> **What is being asked**
What you should give back is every line from the one containing "Shanghai Disneyland Reveals" through the last line of the records below, word for word and without pictures.

[Stored items from a collection]

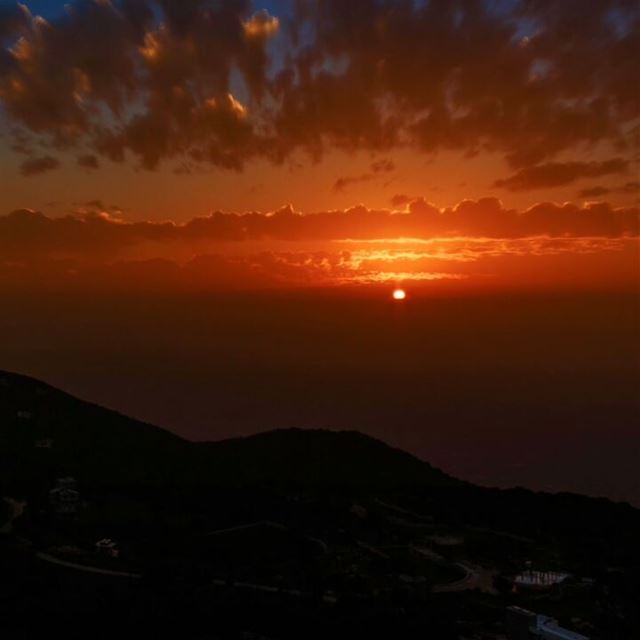 One of my best timelapse videos i have done so far, shot this with holy... (Séjoud, Al Janub, Lebanon)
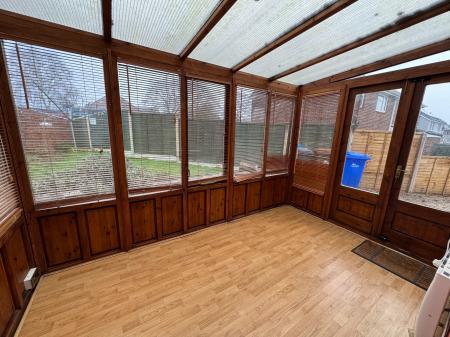 3 bedroom End of terrace house for sale in Hawthorn Avenue, Stapenhill, Burton-on-Trent, DE15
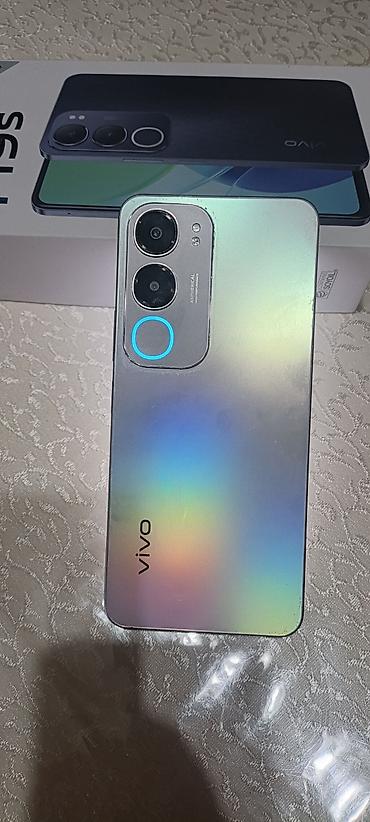 Vivo: Vivo Y19, 128 GB, Face ID — 4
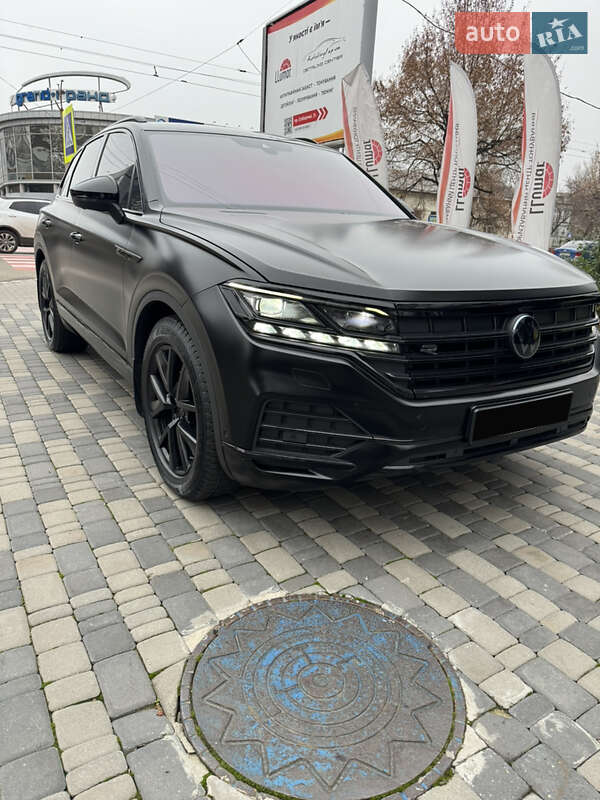 Внедорожник / Кроссовер Volkswagen Touareg 2021 в Запорожье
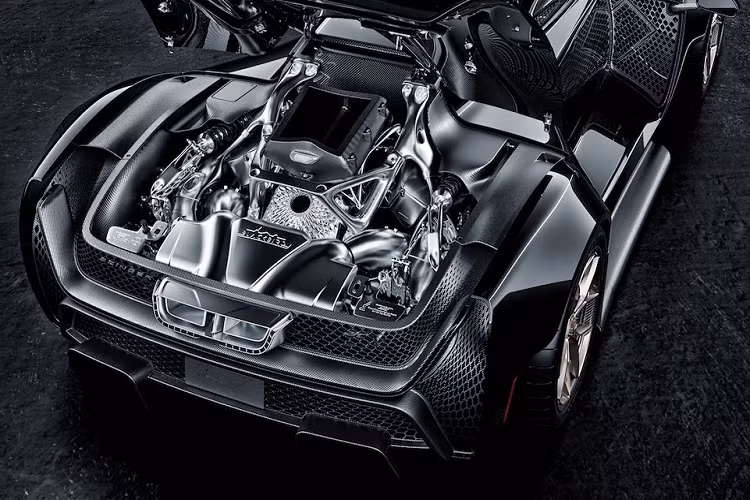 Sức mạnh của Czinger 21C sản sinh công suất 1.250 mã lực từ khối động cơ V8 2.9l lít tăng áp kép cùng cặp mô-tơ điện. Trong khi đó, phiên bản Blackbird Edition 21C được tinh chỉnh tăng thêm 100 mã lực, tổng công suất hệ thống mới đạt 1.350 mã lực cùng hệ dẫn động bốn bánh.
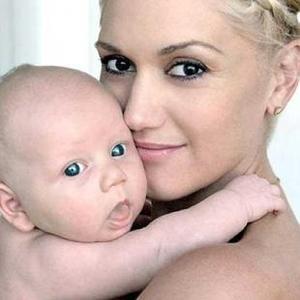 La cantante Gwen Stefani presenta a su nuevo bebé en internet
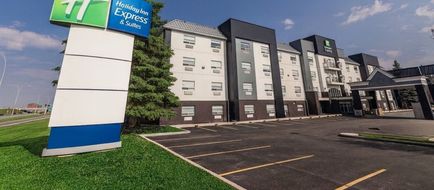 Holiday Inn Express Exterior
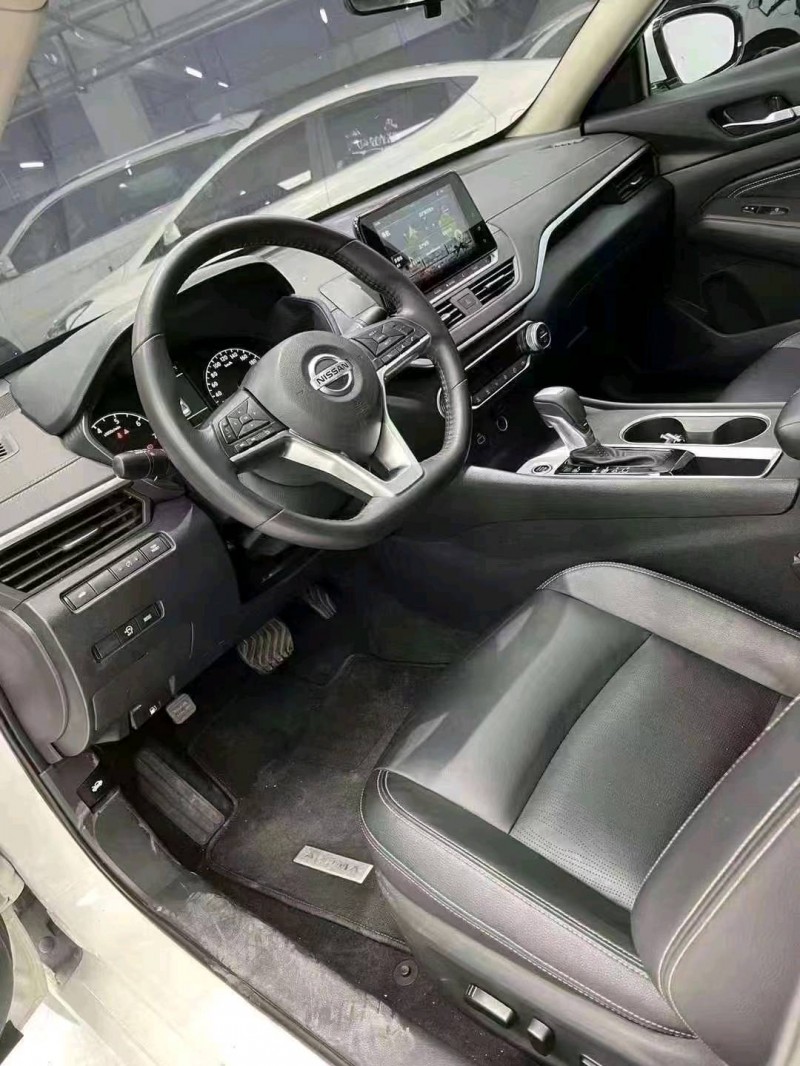 成都20年日产天籁6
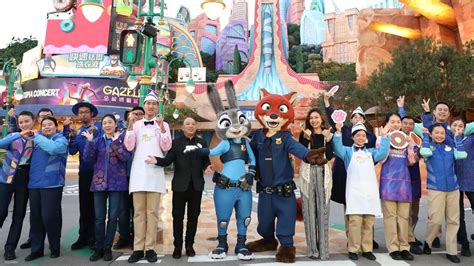 Shanghai Disneyland Reveals Zootopia Cast Members Costumes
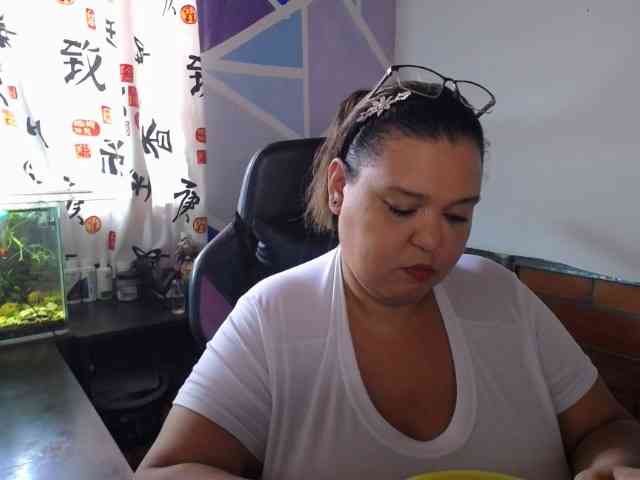 beautifulchubbyqueen webcam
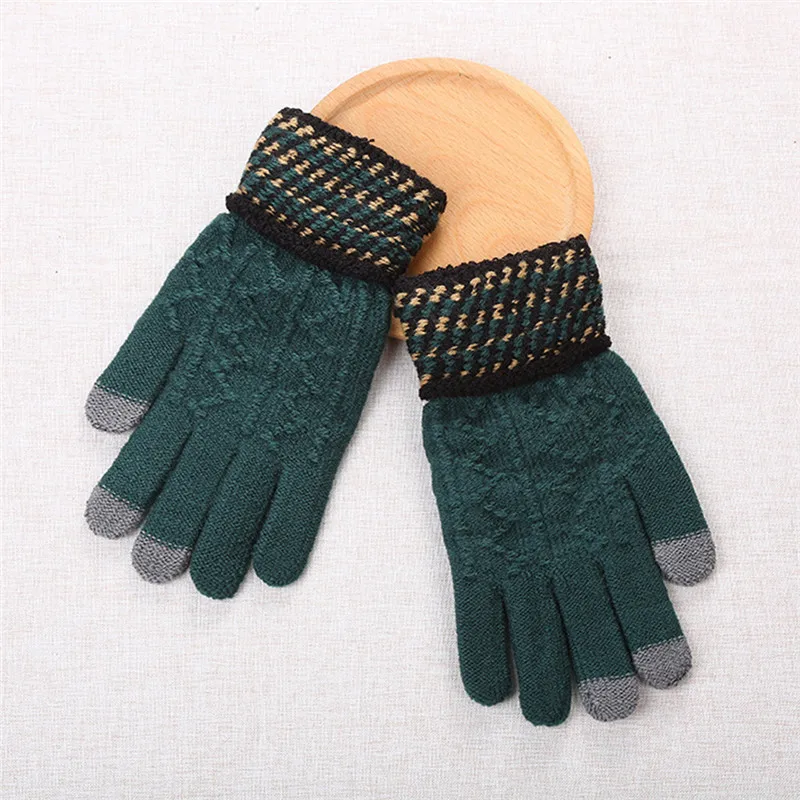 Women Men Multi-function Couple Riding Screen Winter Gloves Soft Warm Mitten guantes eldiven handschoenen 40FE2215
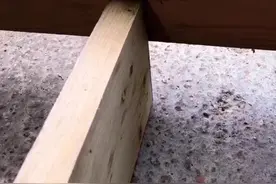 T型木架怎么直角固定？试试这个方法#木工diy #电钻 #木工 @抖音短视频 #木工好帮手 #固定 #木架结构挂瓦 视频封面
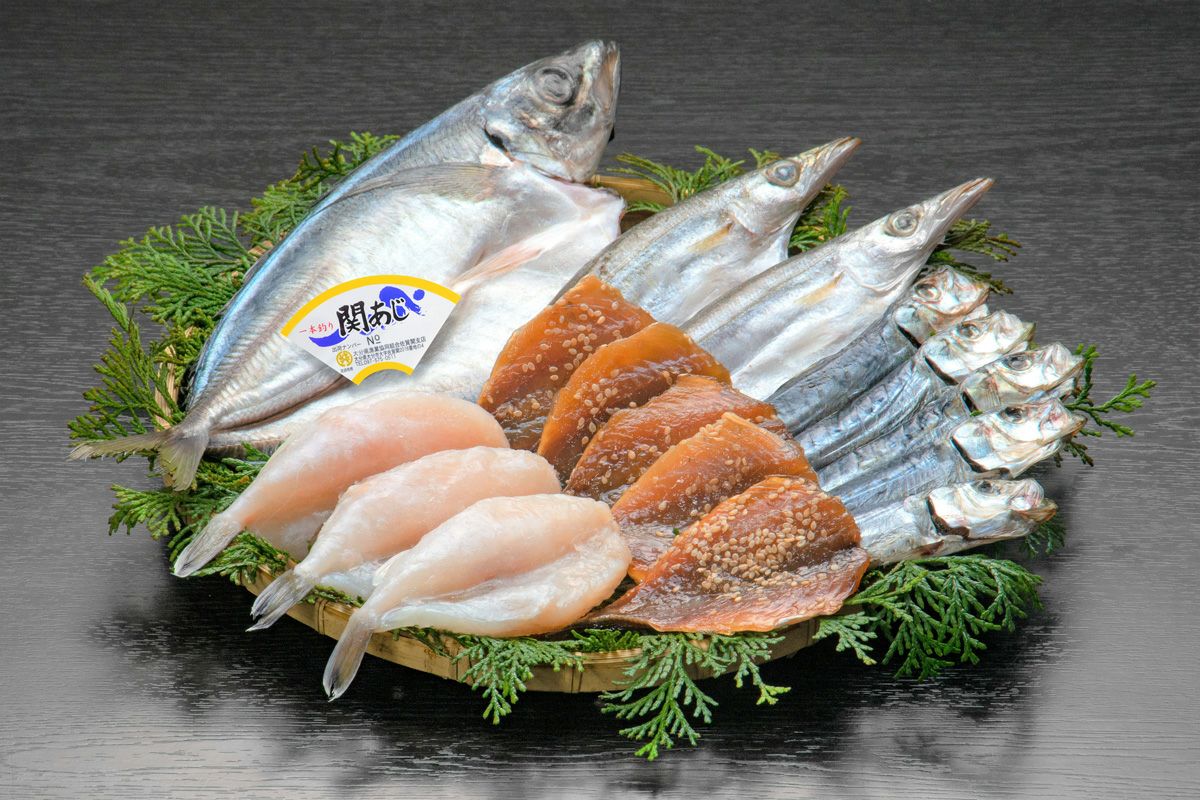 大分県のブランド魚「関あじ」の一夜干しをこんがりと焼いて皿に盛り付けた画像。ふっくらとした身と旨味が凝縮された、大分からの産地直送干物。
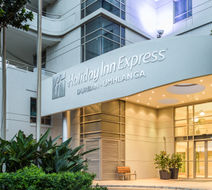 Holiday Inn Express Durban-Umhlanga Exterior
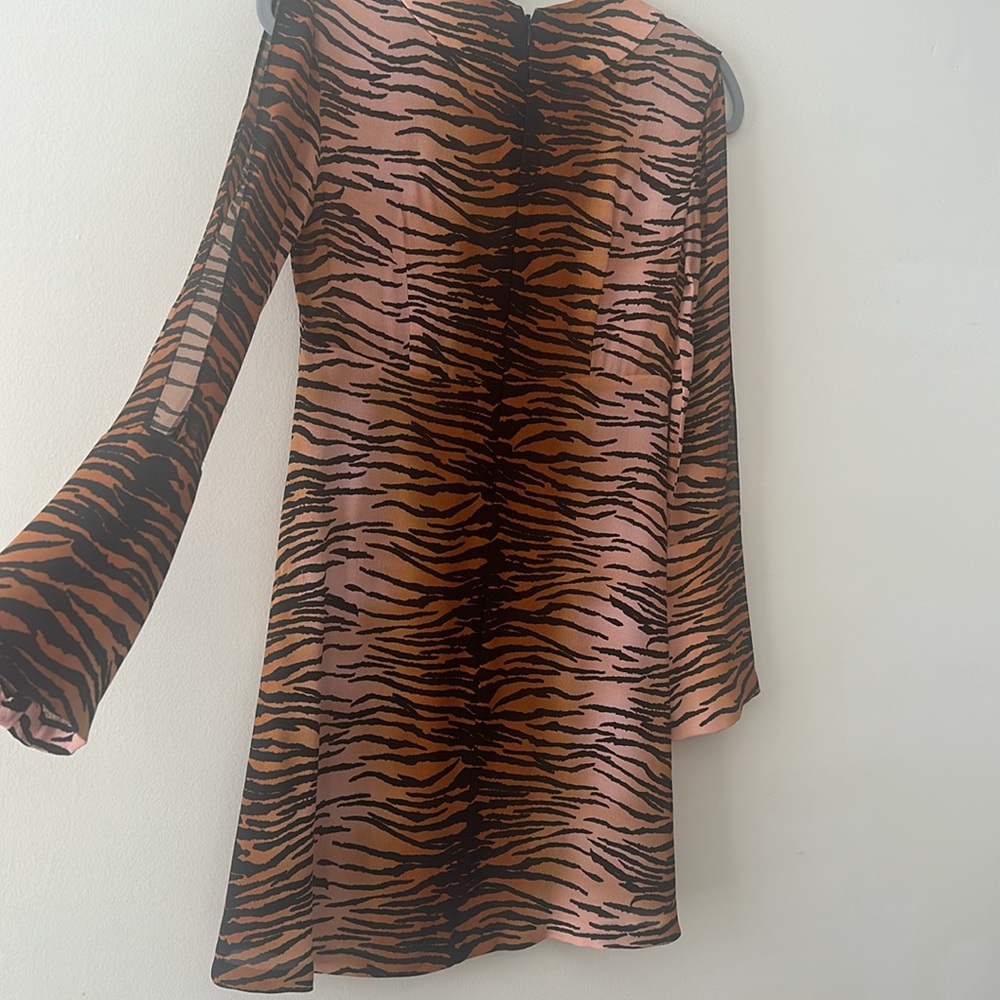 A.L.C. 100% Silk Dress long sleeve black tan tiger print Size 0 - Picture 11 of 12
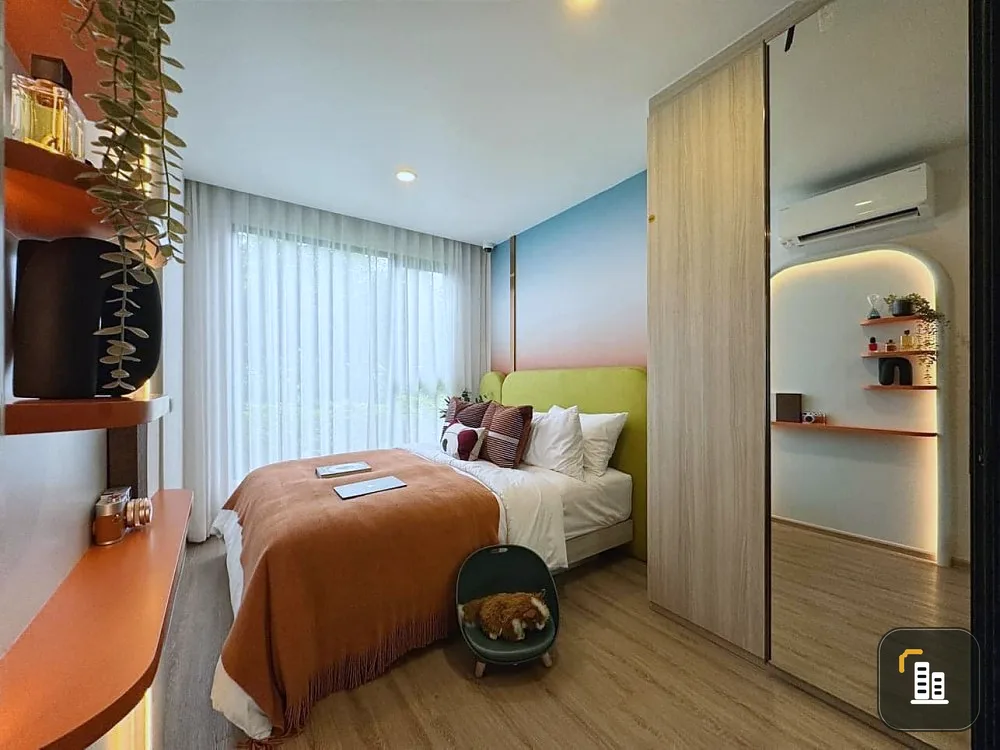 Selling down payment for The Origin Play Bangkhunnon, 11th floor, corner room, pets allowed, very good feng shui direction, reserve now.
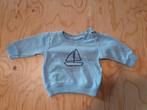 Lichtblauwe trui met bootje - Maat 62, Kinderen en Baby's, Babykleding | Maat 62, Ophalen of Verzenden, Zo goed als nieuw, Jongetje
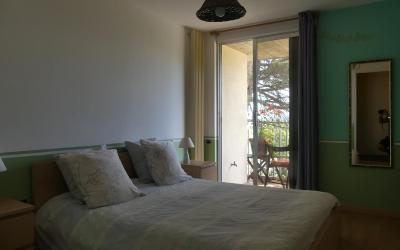 Chambre Double Deluxe (2 Adultes + 1 Enfant)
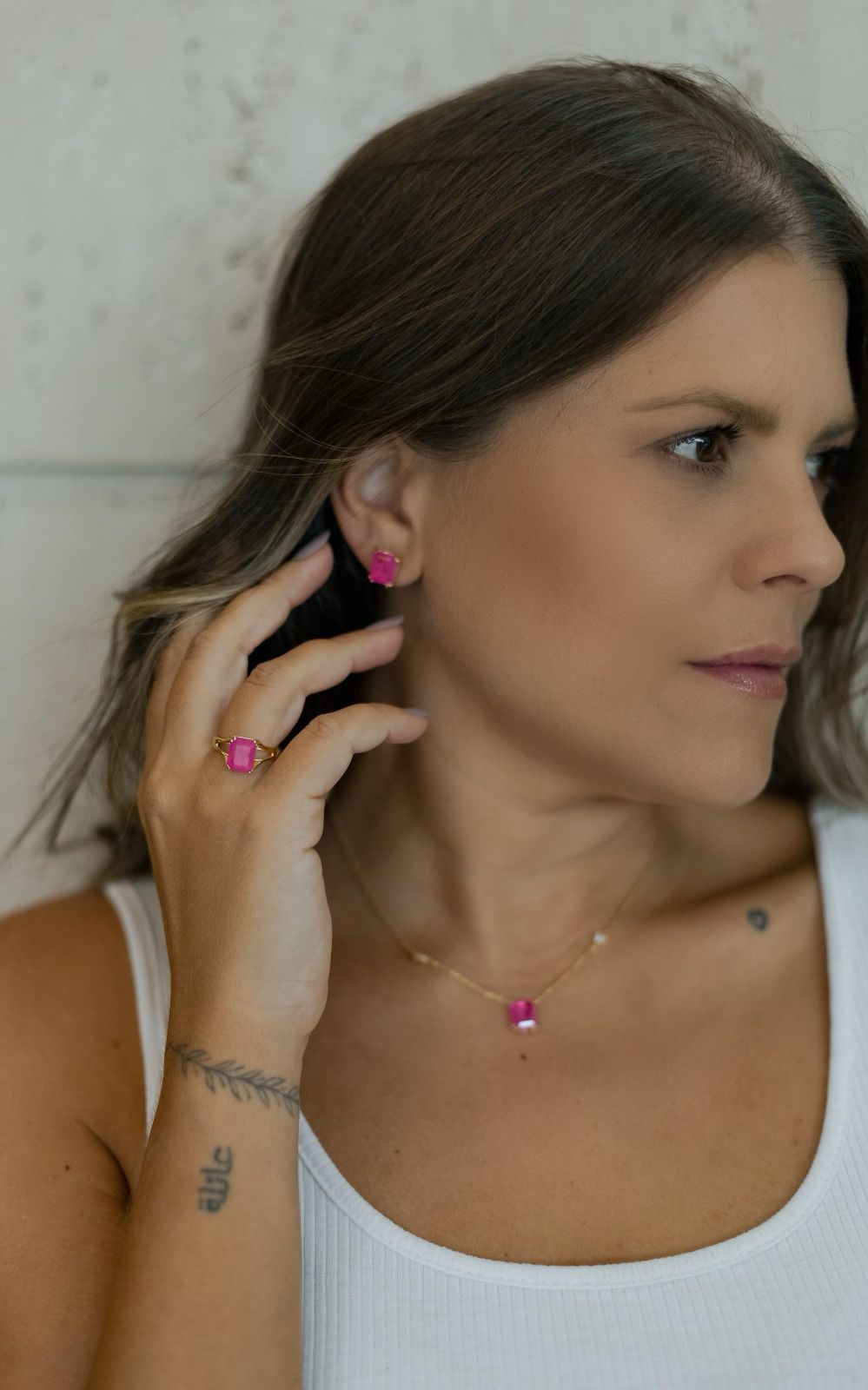 Brinco Solitário Retangular Pink Dourado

> **Solution to the exercise**
 Shanghai Disneyland Reveals Zootopia Cast Members Costumes
 beautifulchubbyqueen webcam
 Women Men Multi-function Couple Riding Screen Winter Gloves Soft Warm Mitten guantes eldiven handschoenen 40FE2215
 T型木架怎么直角固定？试试这个方法#木工diy #电钻 #木工 @抖音短视频 #木工好帮手 #固定 #木架结构挂瓦 视频封面
 大分県のブランド魚「関あじ」の一夜干しをこんがりと焼いて皿に盛り付けた画像。ふっくらとした身と旨味が凝縮された、大分からの産地直送干物。
 Holiday Inn Express Durban-Umhlanga Exterior
 A.L.C. 100% Silk Dress long sleeve black tan tiger print Size 0 - Picture 11 of 12
 Selling down payment for The Origin Play Bangkhunnon, 11th floor, corner room, pets allowed, very good feng shui direction, reserve now.
 Lichtblauwe trui met bootje - Maat 62, Kinderen en Baby's, Babykleding | Maat 62, Ophalen of Verzenden, Zo goed als nieuw, Jongetje
 Chambre Double Deluxe (2 Adultes + 1 Enfant)
 Brinco Solitário Retangular Pink Dourado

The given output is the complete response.